SU1442550A1 - Method of extracting pigmentless strains pseudomonas aeruginosa - Google Patents

Abstract

The invention relates to medicine and veterinary medicine, namely to microbiology, laboratory diagnostics of syngological infection. The purpose of the invention is the acceleration of the method. The material studied, obtained from patients, is sown on nutrient media — m copeptone broth (pH 7.2–7.4) and / or m - septon agar (pH 7.2–7.4), to which add temporae chlorophyll-lipt dose of 12.5-25 μg / ml of medium. Crops are incubated for 16-18 hours at 37 ° C. Generation of non-invasive strains of Pseudomonas aeruginosa is 2 times faster and 6 times higher than King A.'s method. (L IN9 ate SP

Description

The invention relates to medical and veterinary microbiology and can be used in the laboratory diagnosis of pseudomonas pneumonia.

The purpose of the invention is the acceleration of the method.

Example 1. Use of m-peptone broth (SB) with chlorophyllipt for indication in clinical material Ps.aeruginosa.

To 5 ml of BCH (pH 7.2-7., 4) add

15

20

25

, 25 ml of a 1% alcoholic solution of lorophyllipt diluted 1:40 in a zotonic 0.9% solution of sodium chloride (which corresponds to 12.5 µg / ml of medium). The clinical material received for the study (0.1-0.5 ml) is seeded in a BCH with a chlorine-ilipt.
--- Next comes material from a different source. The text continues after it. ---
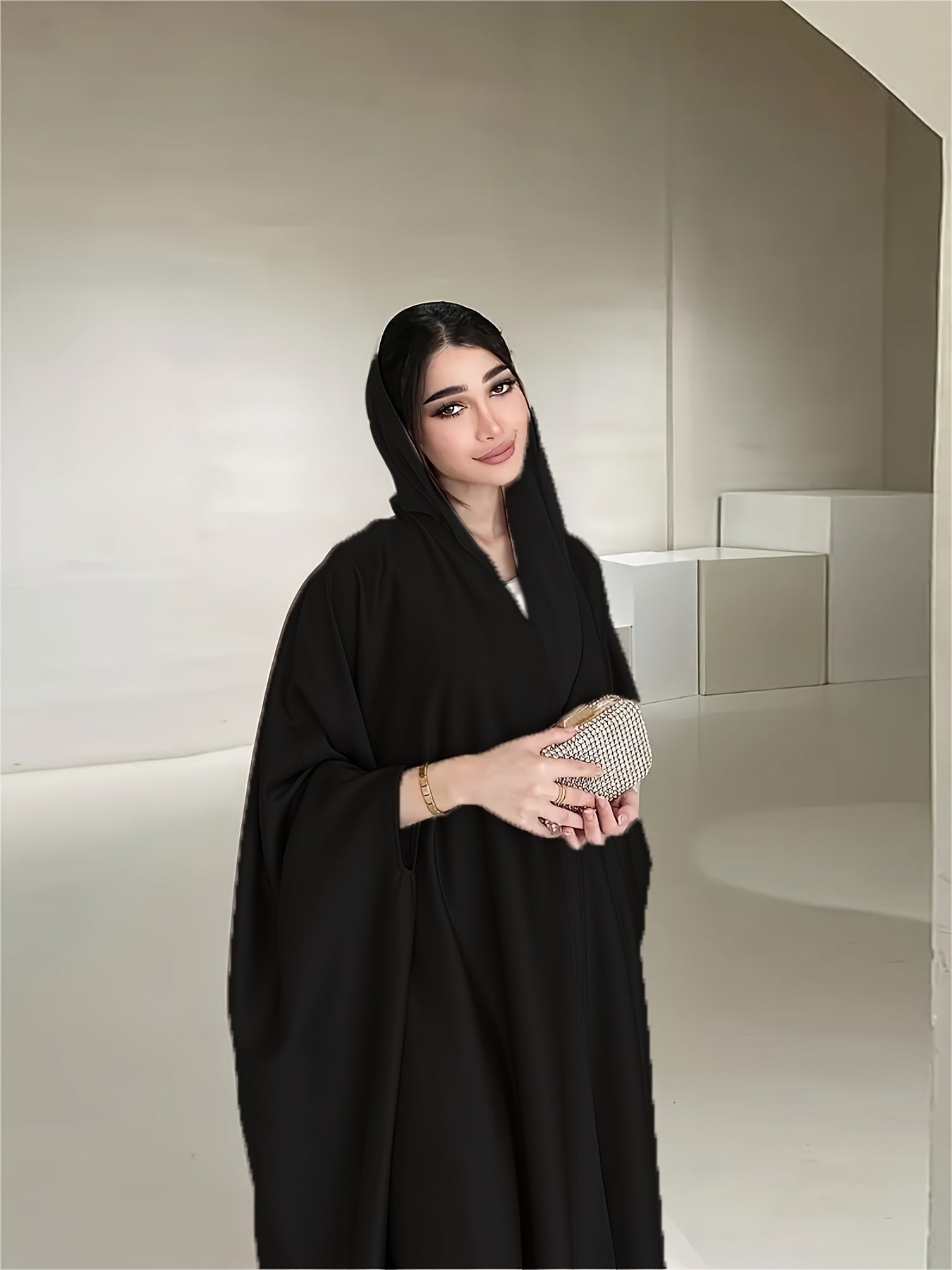 Open Front Hoodie Kaftan Dress, Elegant Long Batwing Sleeve Non-Stretch '/MH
Crops are grown at ST. C. After 16-18 hours, the upper layer of the medium is colored in blue-green color, characteristic of the blue pus bacillus, an approximate positive response appears, and further research is carried out to isolate pure cultures of microorganisms

PRI mme R 2. Use of mco-ZO peptone agar (MPA) with chlorophyll-lipto to identify non-pigment variants of Pseudomonas aeruginosa. To 100 ml of molten and cooled to 45-50 ° C (US) pH (7.2-7.4) was added 5 ml of 1% solution of chlorophyllipt, diluted 1:40 in an isotonic 0.9% solution of sodium chloride ( 12.5 µg / ml of medium). The prepared agar is poured into 20-25 ml in 0 sterile Petri dishes. On the surface of the agar sown with a stroke

the power of the bacteriological loop of the pure culture under investigation. After 16-18 hours of incubation, a characteristic green pigment diffusing into the agar appears, allowing the isolated culture to be identified as Ps.aeruginosa,

EXAMPLE 3 The material under study (separable wounds) is seeded on BCH, MPL, and blood agar. They are incubated for 24 hours and growth is taken into account, suspicious colonies are removed from MPA and blood agar and microscopically examined.
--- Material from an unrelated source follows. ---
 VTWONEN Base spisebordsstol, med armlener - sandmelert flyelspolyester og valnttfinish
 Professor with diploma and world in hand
Isolated colonies are subcultured on sugar broth and incubated for 24 hours, set to agglutination reaction and subcultured on MPP of iMPA and addition of chlorophyllipt. After incubation for 16-18 hours, a characteristic blue-green pigment appears.
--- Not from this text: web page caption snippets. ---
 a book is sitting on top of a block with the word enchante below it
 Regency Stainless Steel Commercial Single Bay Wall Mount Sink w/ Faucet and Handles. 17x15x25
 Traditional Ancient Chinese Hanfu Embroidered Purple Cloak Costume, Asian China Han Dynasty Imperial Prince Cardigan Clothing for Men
The use of the method allows to accelerate the isolation of the pigment-free strains of Ps.aeruginosa, and, with direct seeding of clinical material, simplify the method.

Claims (1)

Invention Formula The method for isolating the Pseudomonas aeruginosa pigment-free strains by sowing the test material on nutrient media, followed by incubating the crops and examining the grown cultures for pigment, characterized in that, in order to speed up the sowing, they are absorbed onto metopectonic agar and / or a broth in which chlorophyllipt is added in a dose of 12.5-25 µg / ml of medium just before seeding, and incubation is carried out for 16-18 h.